Zero ou l’histoire du boxeur trentenaire, Goshima...
C’est un Taiyō Matsumoto qui prend ses marques, qui débute, un univers graphique et thématique à l’état embryonnaire qui ne demande qu’à se développer, qu’à exploser: utilisation poétique de métaphores, la marginalité du personnage principal… Plusieurs éléments qui feront la puissance de Ping-pong, cinq ans plus tard, également publié dans Big Comic Spirits.
Le découpage du premier tome est très conventionnel, alors que le second aura tendance à se libérer des contraintes à mesure que la folie gagne du terrain et que le climax se rapproche. L’utilisation du noir est magnifique et le tome 2 est marqué par certaines cases particulièrement sublimes.
D’un point de vue narratif, le contrepied est ici de prendre un personnage en fin de carrière alors que les mangas de sport ont tendance à s’attarder sur les jeunes talents en pleine ascension, et de suivre cette ascension. Cela dote le manga d’une certaine mélancolie malgré la folie de Goshima, tout en se concentrant sur la fin d’une ère, d’un rêve. Et c’est ce qui est absolument brillant dans ce titre (aux antipodes d’un Coq de Combat): à travers un match occupant tout le second volume, Matsumoto développe une connexion entre deux personnages, et l’action n’est que le prétexte d’une transmission tissée subtilement, puis ostensiblement au cours des chapitres.

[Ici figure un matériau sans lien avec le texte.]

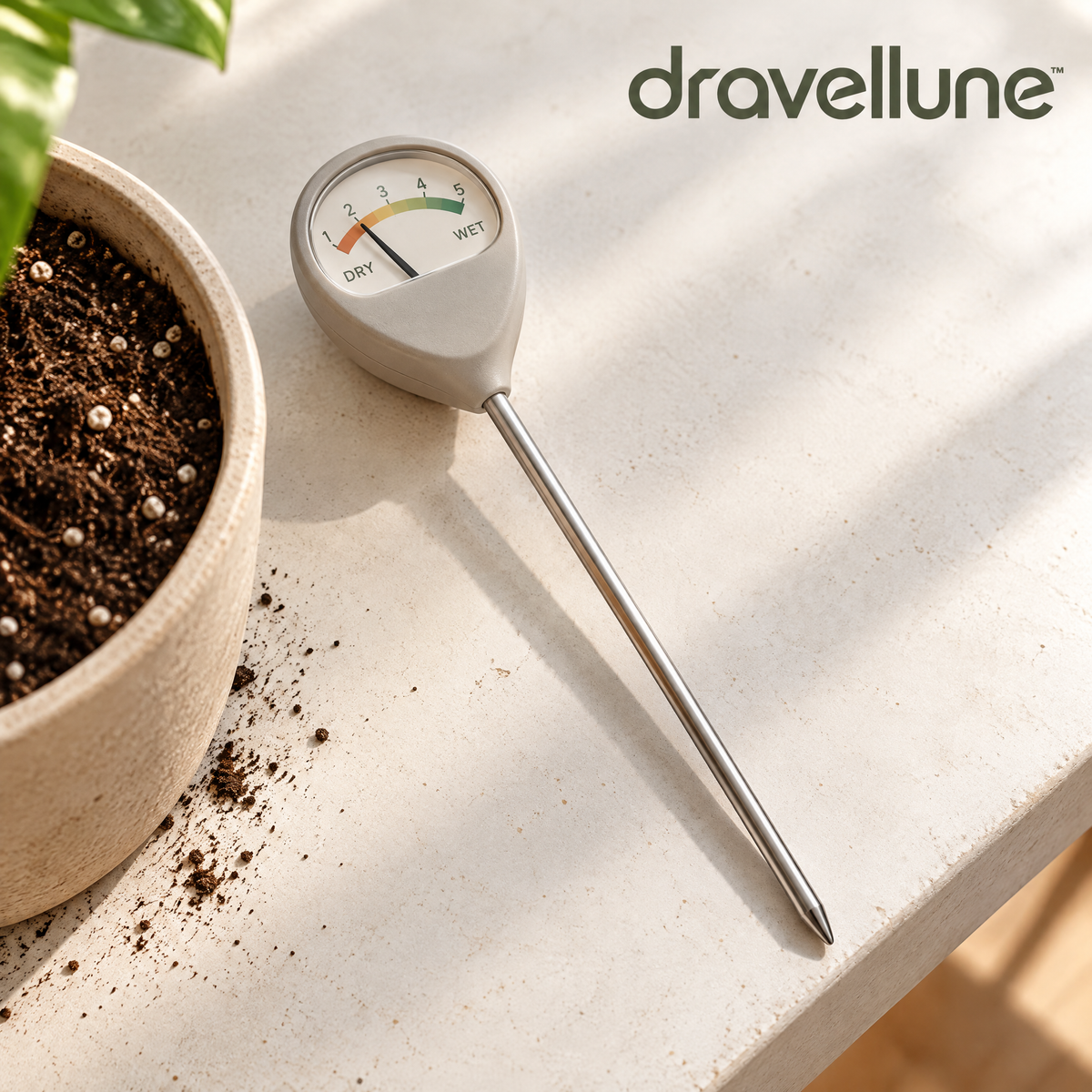 Dravellune™ Analog Soil Moisture Meter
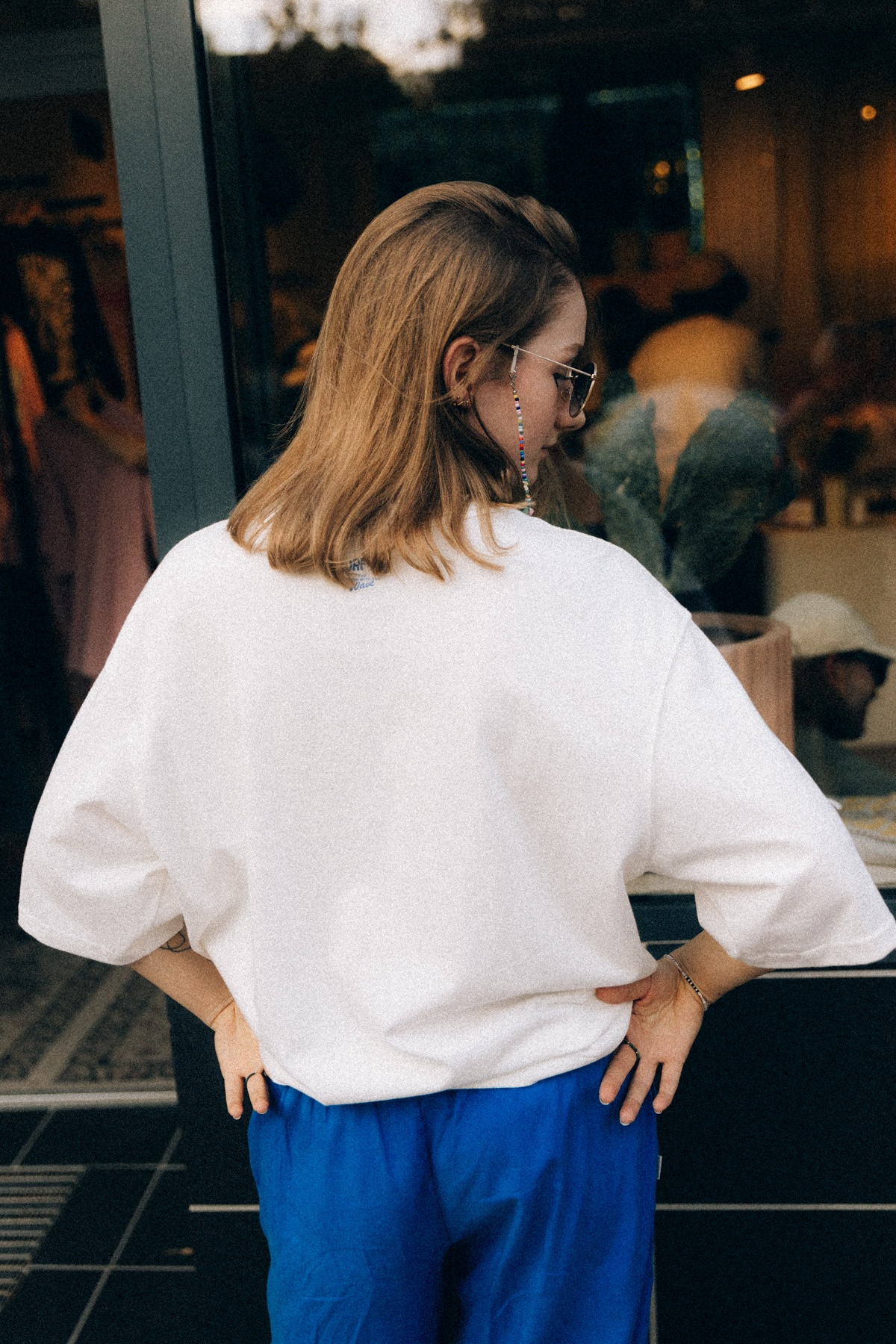 House Of Mermaids Box Tee - Vintage White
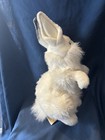 Hansa 12    Bunny Rabbit White Plush Stuffed Animal Realistic  Standing Hopping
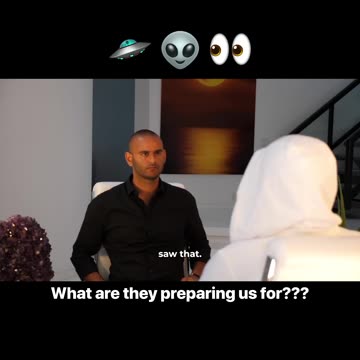 What are they preparing us for??? 🛸👽👀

Ainsi, en plus d’être de plus en plus palpitant, Zero est extrêmement touchant, et ce malgré ses petits défauts qui paradoxalement renforcent cet attachement. Zero est aussi le titre le plus tragique de son auteur, le plus éprouvant, le plus mélancolique. Mais Zero était surtout une promesse, celle d’une grandeur à venir, et on sait depuis longtemps que cette promesse a largement été tenue.